Information provided
----

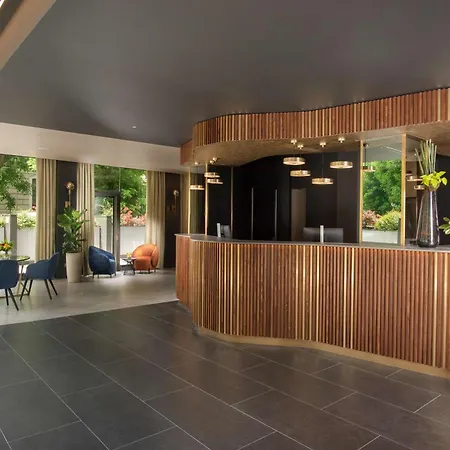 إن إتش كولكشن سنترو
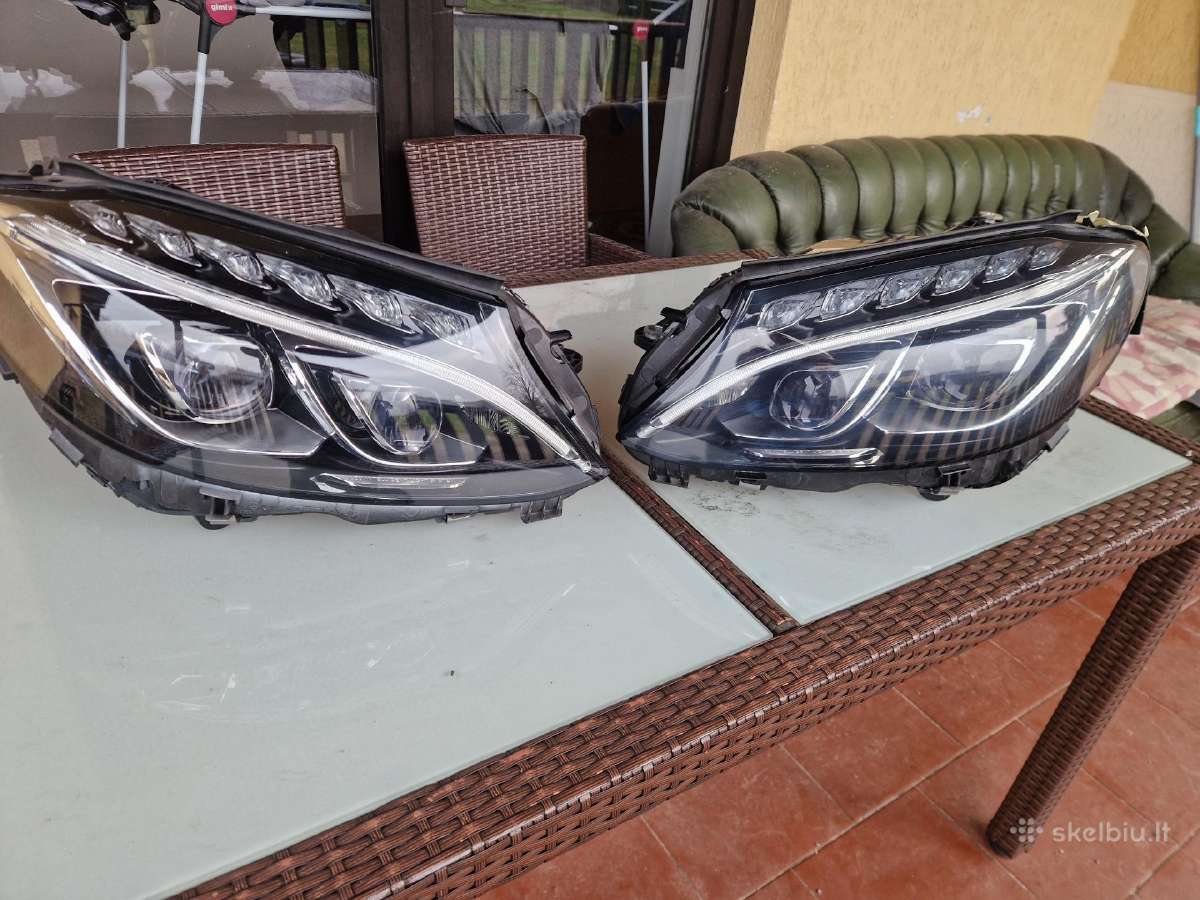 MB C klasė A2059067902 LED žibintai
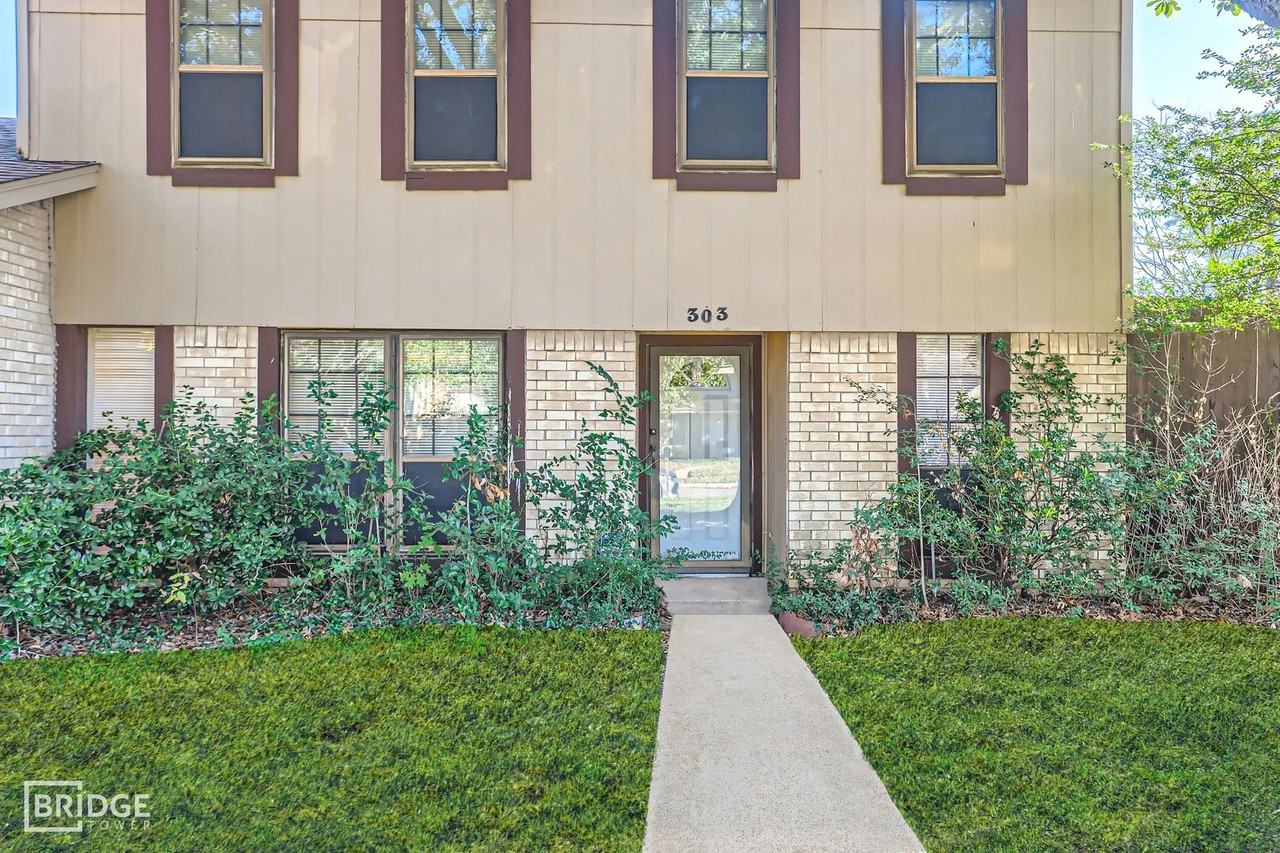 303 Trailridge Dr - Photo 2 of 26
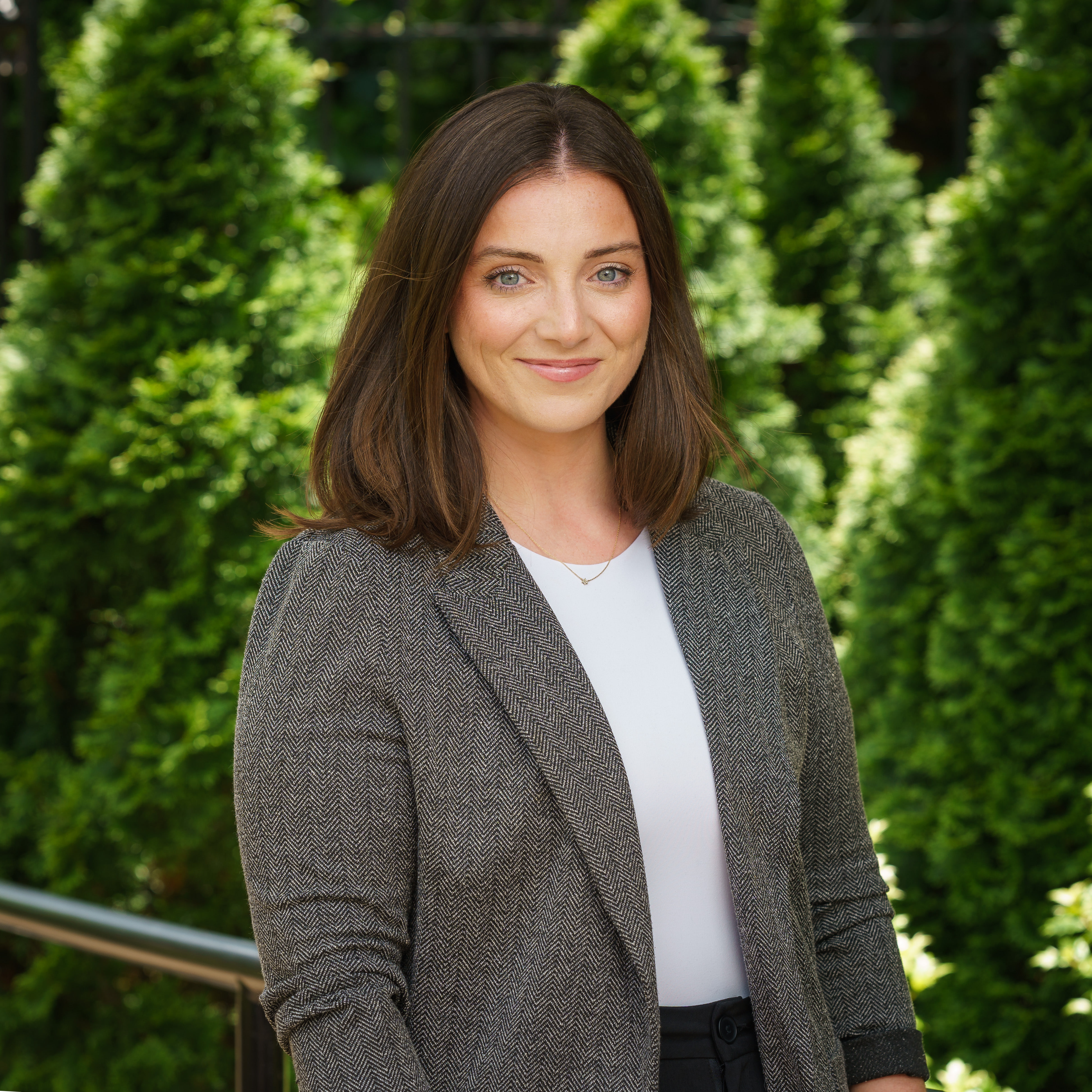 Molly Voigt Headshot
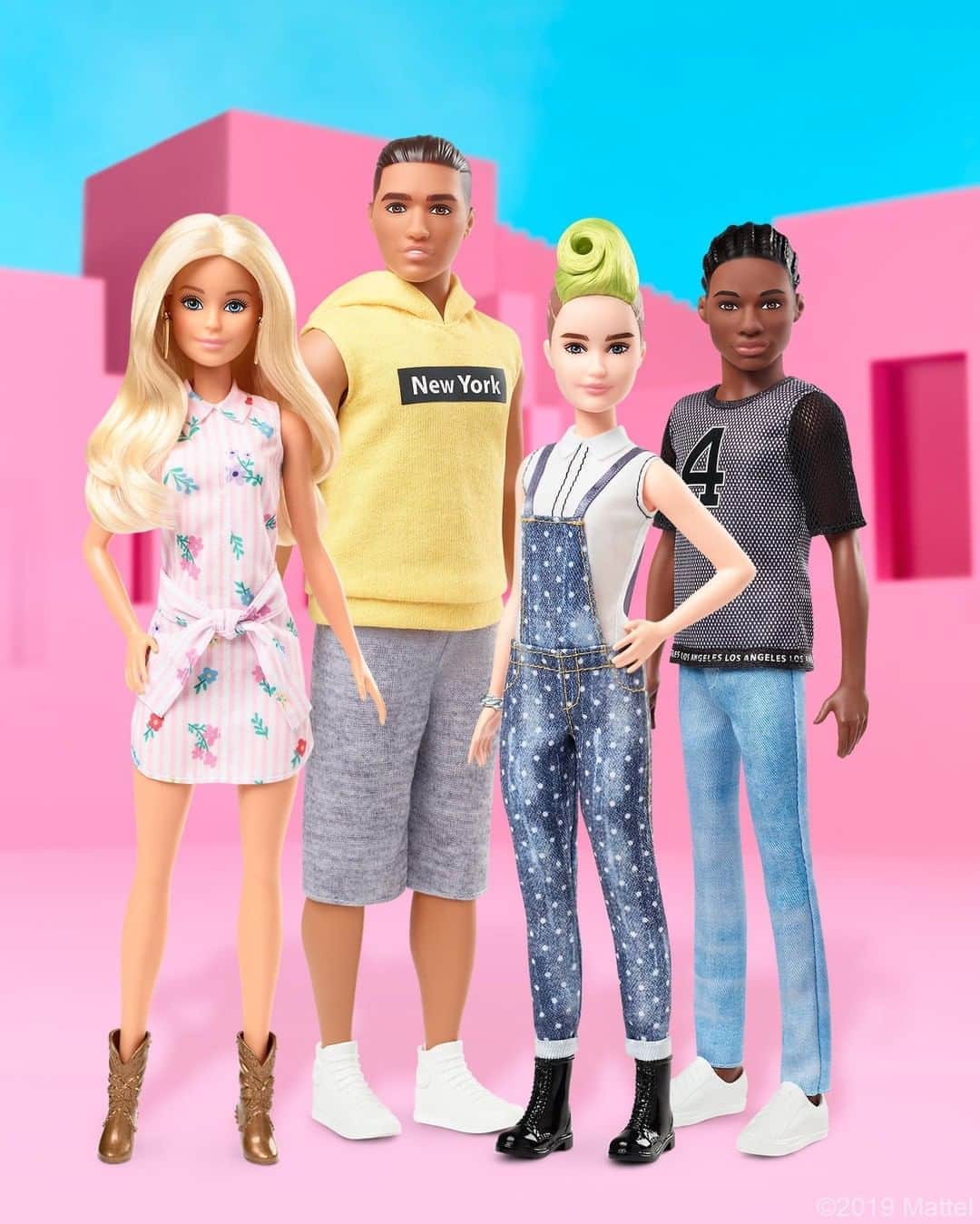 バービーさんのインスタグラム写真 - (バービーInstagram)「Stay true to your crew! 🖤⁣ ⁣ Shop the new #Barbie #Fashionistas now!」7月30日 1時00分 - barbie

----

Goal of the exercise
With pictures left out, transcribe each line from the one containing "Molly Voigt Headshot" through the end of the data, both ends included.

Output below
 Molly Voigt Headshot
 バービーさんのインスタグラム写真 - (バービーInstagram)「Stay true to your crew! 🖤⁣ ⁣ Shop the new #Barbie #Fashionistas now!」7月30日 1時00分 - barbie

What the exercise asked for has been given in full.